[Crawled caption data]
▬▬▬

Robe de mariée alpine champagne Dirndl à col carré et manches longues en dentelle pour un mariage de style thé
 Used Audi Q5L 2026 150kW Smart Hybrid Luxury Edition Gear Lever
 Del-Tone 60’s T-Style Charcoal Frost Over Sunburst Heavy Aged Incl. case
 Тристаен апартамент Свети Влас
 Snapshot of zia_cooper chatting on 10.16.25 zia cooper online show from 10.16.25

▬▬▬

### [To do]
Transcribe verbatim. Cover the lines from the first line of the entries above to the line containing "Del-Tone 60’s T-Style", inclusive.

### [Response below]
Robe de mariée alpine champagne Dirndl à col carré et manches longues en dentelle pour un mariage de style thé
 Used Audi Q5L 2026 150kW Smart Hybrid Luxury Edition Gear Lever
 Del-Tone 60’s T-Style Charcoal Frost Over Sunburst Heavy Aged Incl. case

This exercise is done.